In this exercise, retype exactly the lines from the start of the entries through the line bearing "Emma-Frizea webcam", leaving every picture out.

## INPUT RECORDS
-- -- --

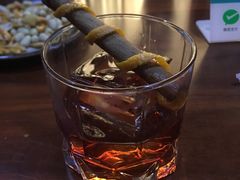 -River Bar酒吧(通州万达店)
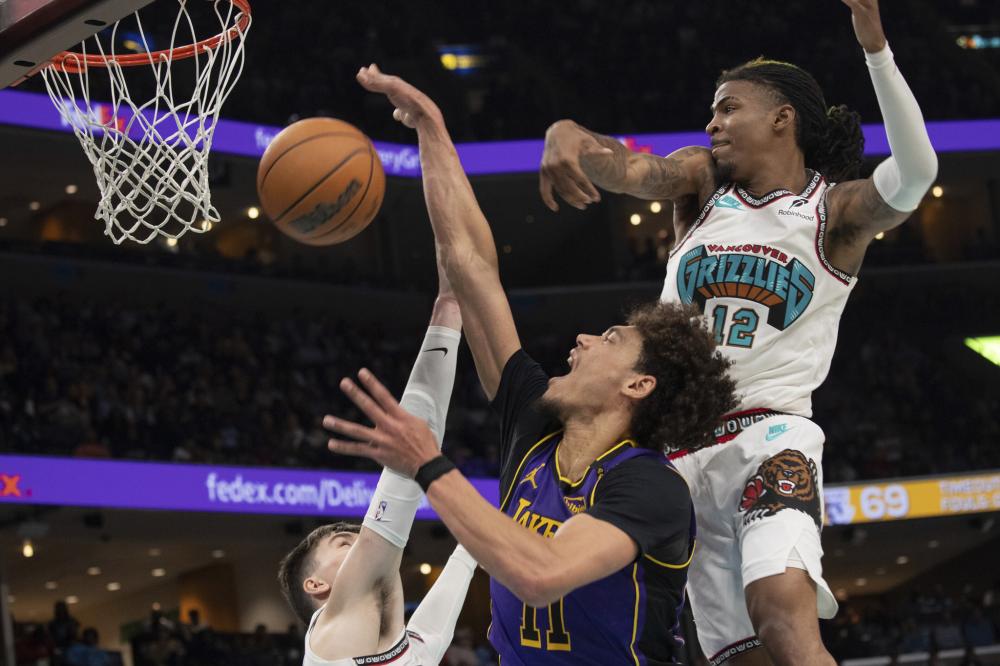 拟比赛场景 拟比赛场景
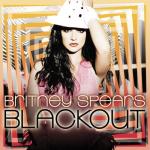 album image Gimme More Blackout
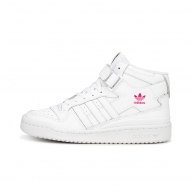 Кроссовки Adidas FORUM MID W thumbnav 1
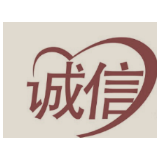 弱女子替亡夫还债书写完美“诚信答卷”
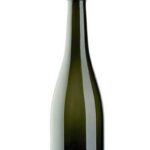 Prosecco Leggero 75 cl TC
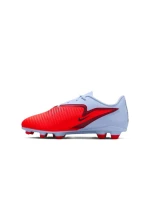 Boty Nike Junior Phantom 6 Low Club FG/MG HM9202-400 Boty Nike Junior Phantom 6 Low Club FG/MG HM9202-400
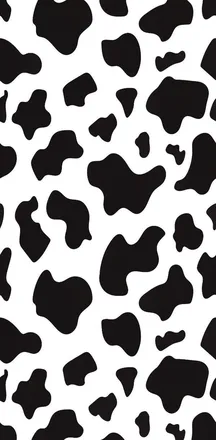 OnlyFans cuenta milkyuniverse header 2
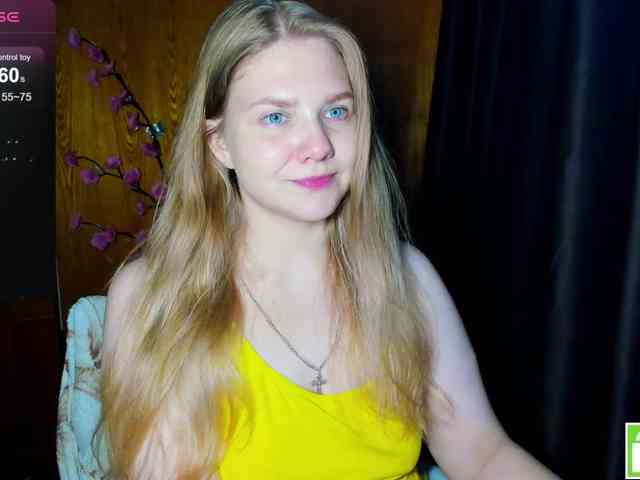 Emma-Frizea webcam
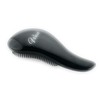 G.B.S Wave Multi-Function Glide Thru Brush Unisex Man and Women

-- -- --

## RESULT OF THE TASK
 -River Bar酒吧(通州万达店)
 拟比赛场景 拟比赛场景
 album image Gimme More Blackout
 Кроссовки Adidas FORUM MID W thumbnav 1
 弱女子替亡夫还债书写完美“诚信答卷”
 Prosecco Leggero 75 cl TC
 Boty Nike Junior Phantom 6 Low Club FG/MG HM9202-400 Boty Nike Junior Phantom 6 Low Club FG/MG HM9202-400
 OnlyFans cuenta milkyuniverse header 2
 Emma-Frizea webcam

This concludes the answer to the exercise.